Sudah beberapa hari senja lenyap dari angkasa. Burung-burung kehilangan jalan pulang. Menyasar ke hutan-hutan.
Diberitakan surat kabar, senja telah dicuri. Menurut Joe --detektif terkenal di kota itu, pencuri senja adalah yang memotong-motong rembulan di tengah danau.
"Kurang ajar! Dia mengacak-acak angkasa!" keluh seseorang yang mengaku pacar angkasa.
"Aku akan menemukannya." Joe menghisap cerutunya dalam-dalam, menekan malu atas kegagalannya menangkap pencuri yang berkeliaran di angkasa.
Sementara seorang anak laki-laki duduk di ayunan. Sendirian.
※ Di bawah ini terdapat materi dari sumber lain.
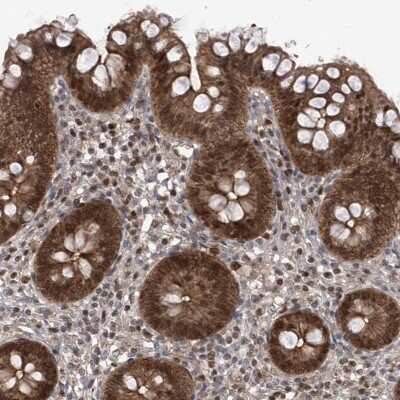 Immunohistochemistry-Paraffin: DjC9 Antibody [NBP1-87903] - Staining of human appendix shows strong cytoplasmic and nuclear positivity in glandular cells.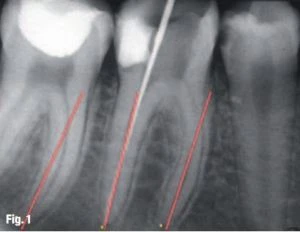 Quyết định chiều dài làm việc và cách xác định điểm chóp cuối cùng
Hanya ditemani rerumputan yang mati terinjak-injak. Dari balik saku celananya, terlihat sesuatu yang berpendar berwarna jingga.
"Ibumu cantik seperti salah satu warna angkasa. Saat kau menemukan kilau yang paling sempurna, bawalah pulang.."
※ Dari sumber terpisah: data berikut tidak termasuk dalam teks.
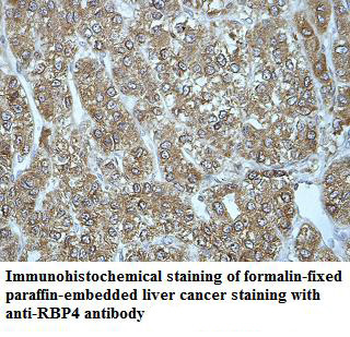 RBP4 Rabbit Polyclonal Antibody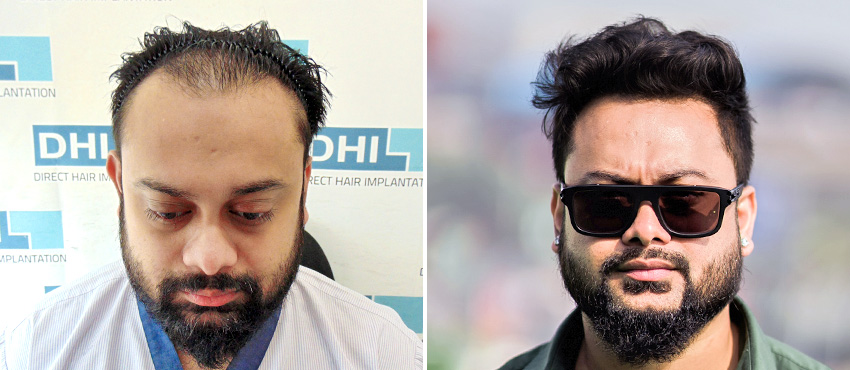 DHI India Before and After Hair Transplant Results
Anak laki-laki itu terus memikirkan kata-kata Ayahnya, pesan terakhir sebelum mengantarnya ke pusara.
"Aku sudah memotong-motong rembulan dengan kilau yang menggiurkan, tapi Ibu tak ada di sana. Malam terlanjur berkabung dan aku bingung. Kutinggalkan rembulan di tengah danau."
Kemudian dikeluarkannya senja dari saku celana, "Dan kemarin aku mengambil senja. Bintang-bintang berjatuhan, menjelma sekumpulan anjing yang mengejarku di jalanan."
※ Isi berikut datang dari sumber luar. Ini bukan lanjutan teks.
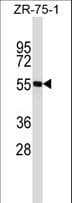 Polyclonal Rabbit anti-Human SPN / CD43 Antibody (aa35-64, WB)
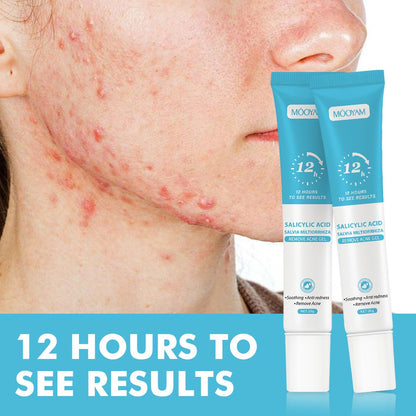 MOOYAM Salicylic Acid Acne Clear Face Wash | MOOYAM স্যালিসাইলিক অ্যাসিড অ্যাকনে কেয়ার ফেস ওয়াশ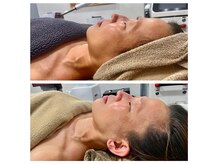 ココ平塚店(COCO)の雰囲気（マイクロリフトbefore→after）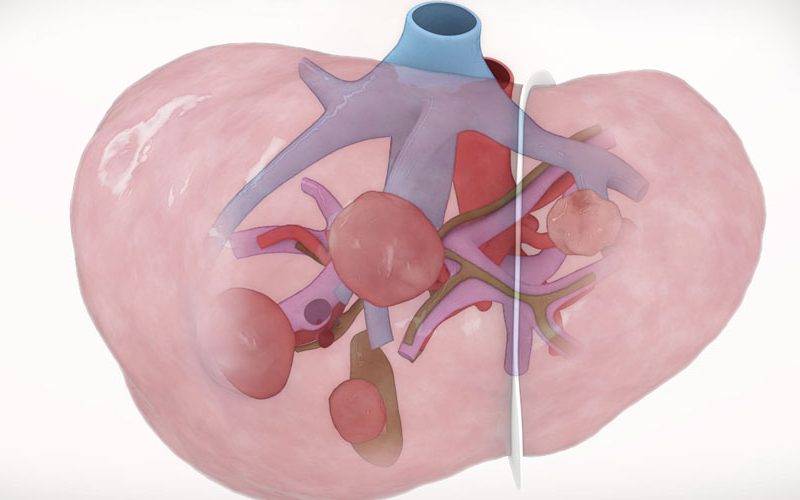 Laparoscopic left lateral sectionectomy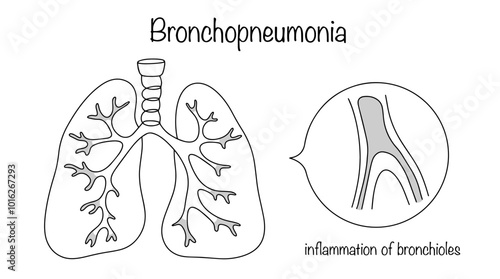 Bronchopneumonia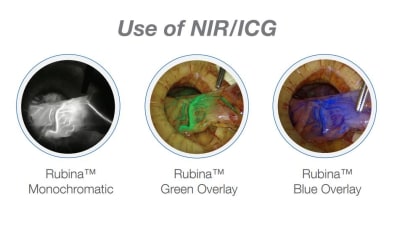 Fluorescence Imaging in Colorectal Surgery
Tiba-tiba rasa hangat membungkus tubuh mungil itu. Seorang wanita memeluknya. Menghapus rindu akan arti kehadiran Ibu. Keduanya bertangis-tangisan sebelum berpisah pulang.
Masih dengan cerutu yang dihisapnya dalam-dalam, Joe melihat kekasihnya dari balik pintu, "Mengapa bajumu penuh noda jingga?"